Twenty year old singer-songwriter Mahalia may be on her way to well-deserved recognition after her recent BRIT nomination; yet one thing not to forget is that she’s still a normal girl who sends ‘drunk texts’ like the rest of us. Before her set supporting Anne-Marie at the O2 Academy in Birmingham, Burn FM’s Alev Omer and Charlotte Stapleton were lucky enough to have a chat with her about dealing with rising stardom at her age, writing songs ‘to heal, in order to heal others’, and of course, Birmingham.
A: How are you feeling ahead of the set tonight?
M: I’m good. I’m genuinely really good today. I’ve been kind of tired the past week, but today I feel re-energised and excited to be here.

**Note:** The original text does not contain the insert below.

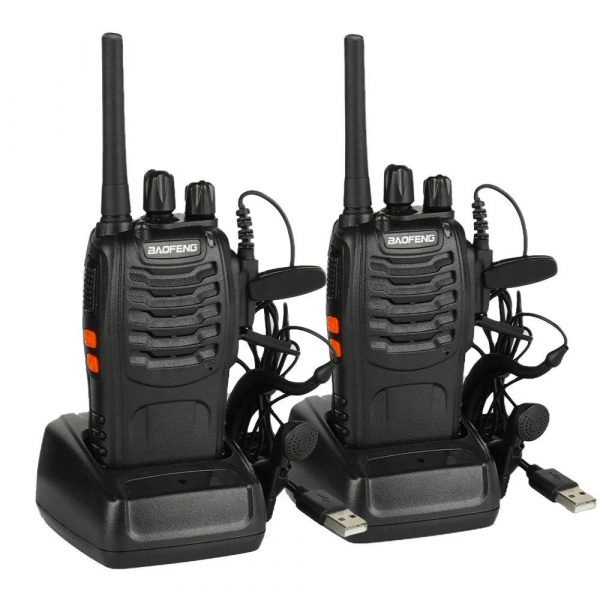 1 pair Baofeng BF-88A FRS Radio 2PCS Baofeng 88A Walkie Talkie 0.5W UHF 462-467 MHz 16 CH Upgrade BF-888s
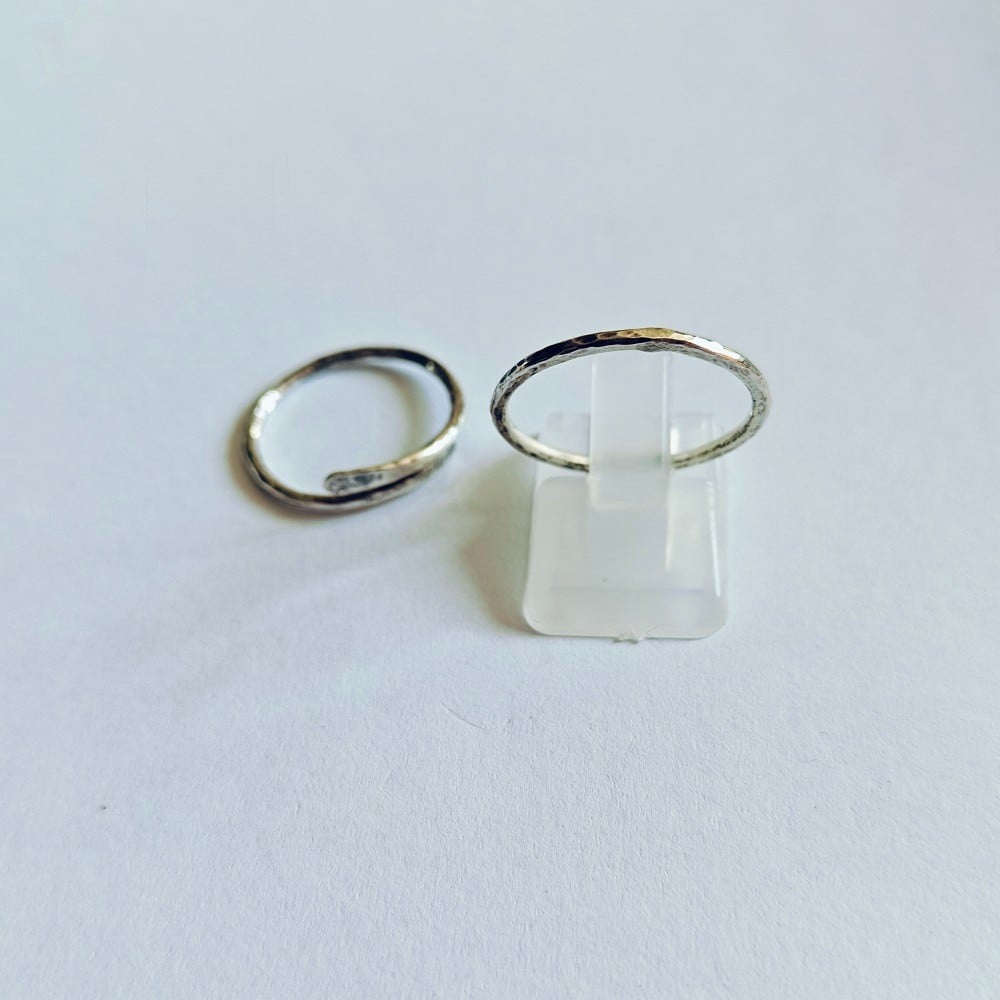 Stapelbare ringen van zilver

A: Is it nice to be back in Birmingham?
M: Yeah proper. I spent four years here when I was at school, so even just walking around was nice. Me and my Mum went into the Bullring today, and it was just really nice to be around here. I bumped into a couple mates at school so it was nice!
C: I first discovered your singing on A Colors Show which was about a year ago. It now has over 21 million views, so I wanted to know what your expectations of doing that was and whether it surpassed your expectations?
M: My expectations were not 21 million views definitely. I always watched Colors and it has always gotten a big reach; some people have hit 100,000 which I had never really hit on any of my videos. When I did it, I was expecting it to be a really sick platform for me and a way to get out there but I never expected it to blow the way it did. Colors kind of kick-started this whole year for me.
C: Was the attention after it quite noticeable then?
M: Oh my god so noticeable! I always laugh about it because I had like 8000 followers on my Instagram and Twitter for maybe 4 years and then Sober happened and it was literally growing by like 2000 per like every 2 weeks – it was mad! The first kind of 2 weeks were crazy.
C: Do you feel like it was a turning point in your career?
M: Definitely. Last year was a massive turning point – it felt like everything turned, the gears changed and I was ready to go by that point.
C: And Sober’s a really good song as well, we’ve played it on our radio.
M: (Laughs) Thank you.
A: You’ve been building up your own fan base for years, but now it seems you’re getting a lot more recognition. SRA have put you in their Class of 2019 and you’ve topped YouTube’s Ones to Watch as well. How does it feel to be getting that recognition?
M: It’s definitely emotional. It’s weird. Recognition is a strange word, because, you know, what does it mean? I think for me when I was younger, well younger than I am now, I kind of got the word recognition confused, and I thought in order to feel good I had to be recognised in the industry. I was missing the fact that there were people that loved my music and there were people that wanted to come and see my shows. But at the same time being recognised in that way is really special. I think for me it was like 8 years in the making, and now being here at this point in my career where I’ve finished school and I’m twenty, and I’ve got loads of songs that I’m ready to put out, it’s just amazing! Yeah it’s super emotional.
A: Throughout those eight years, were there points when you felt like giving up? And if so, how did you pick yourself back up?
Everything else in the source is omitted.